§ Directions
What is needed is an exact repetition of the lines from the first one in the data through the line with "广西皇帝柑橘子大果新鲜水果当季整箱10斤包邮贡柑蜜桔批发桔子", with no pictures.

§ Entries supplied
○ ○ ○ ○

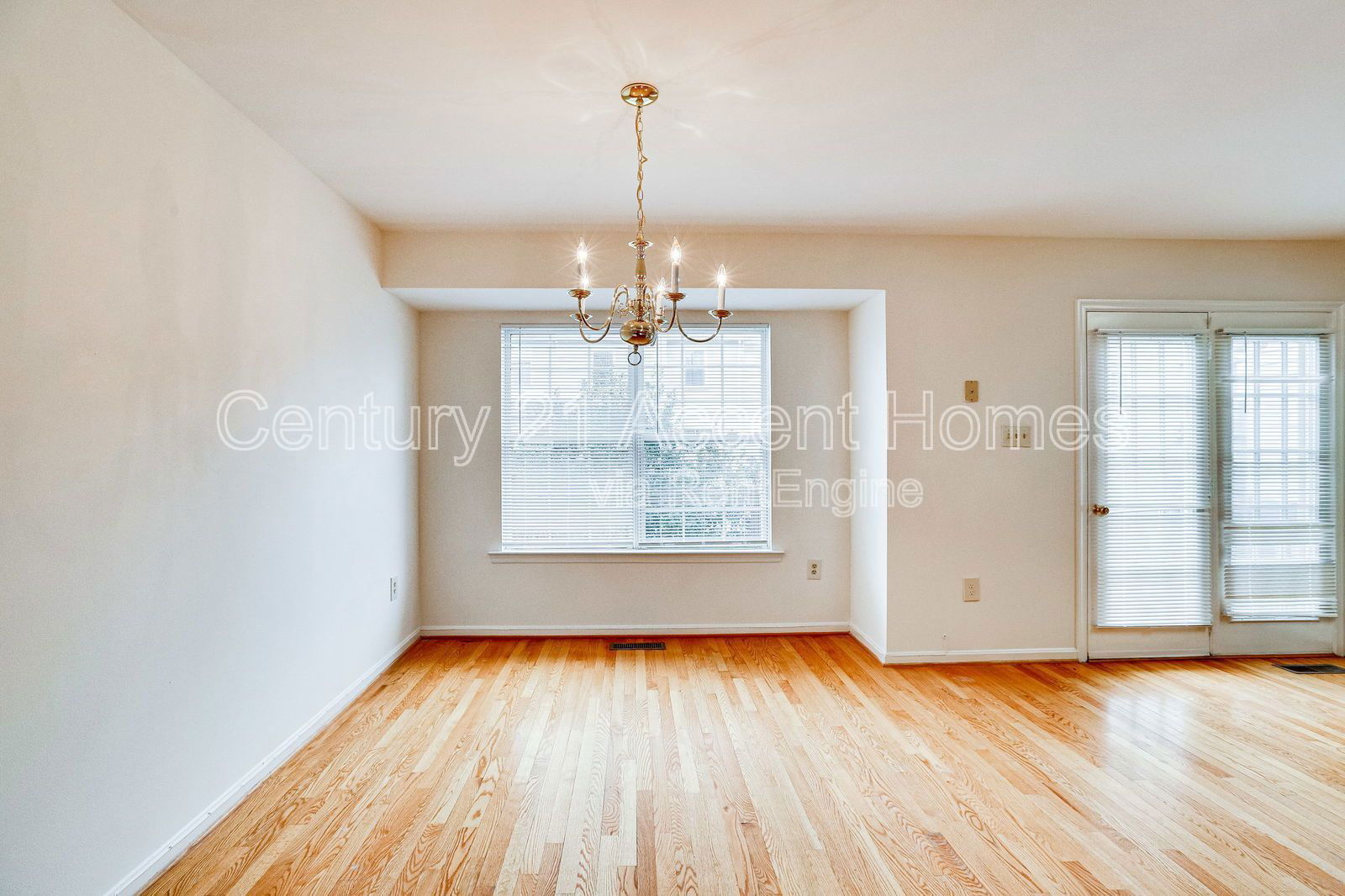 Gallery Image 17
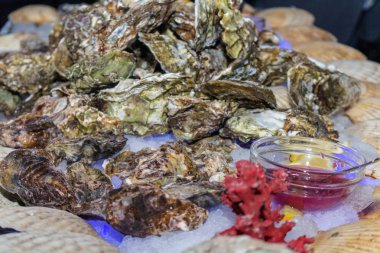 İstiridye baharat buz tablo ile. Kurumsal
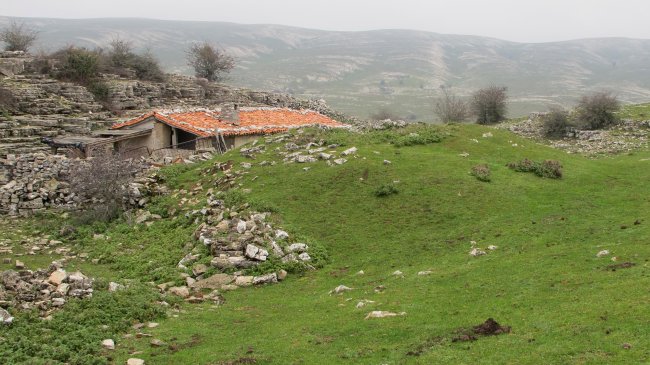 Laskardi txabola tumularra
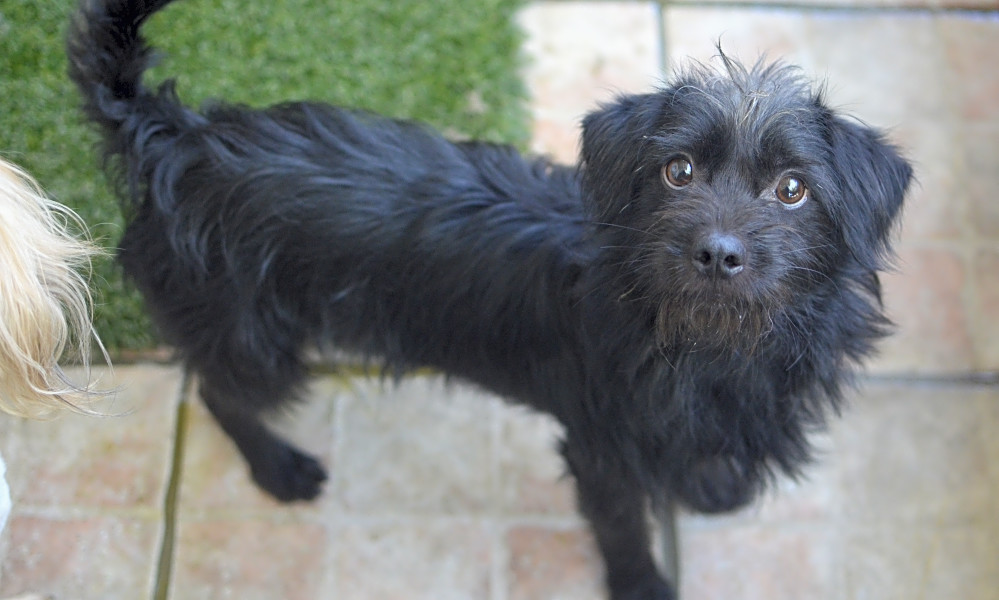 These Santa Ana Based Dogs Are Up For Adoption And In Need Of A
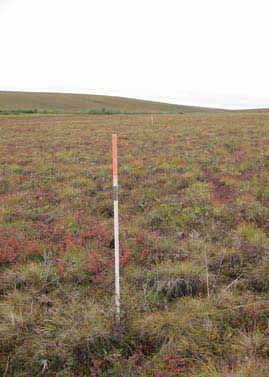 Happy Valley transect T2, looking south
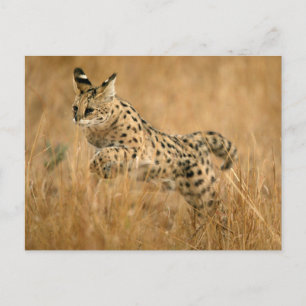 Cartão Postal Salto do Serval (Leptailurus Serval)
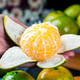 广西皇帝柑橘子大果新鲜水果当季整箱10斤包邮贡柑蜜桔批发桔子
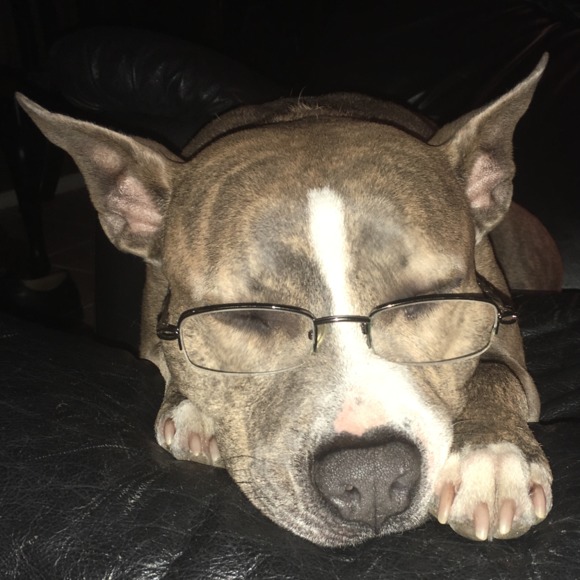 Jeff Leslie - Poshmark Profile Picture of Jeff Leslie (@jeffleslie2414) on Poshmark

○ ○ ○ ○

§ Output below
 Gallery Image 17
 İstiridye baharat buz tablo ile. Kurumsal
 Laskardi txabola tumularra
 These Santa Ana Based Dogs Are Up For Adoption And In Need Of A
 Happy Valley transect T2, looking south
 Cartão Postal Salto do Serval (Leptailurus Serval)
 广西皇帝柑橘子大果新鲜水果当季整箱10斤包邮贡柑蜜桔批发桔子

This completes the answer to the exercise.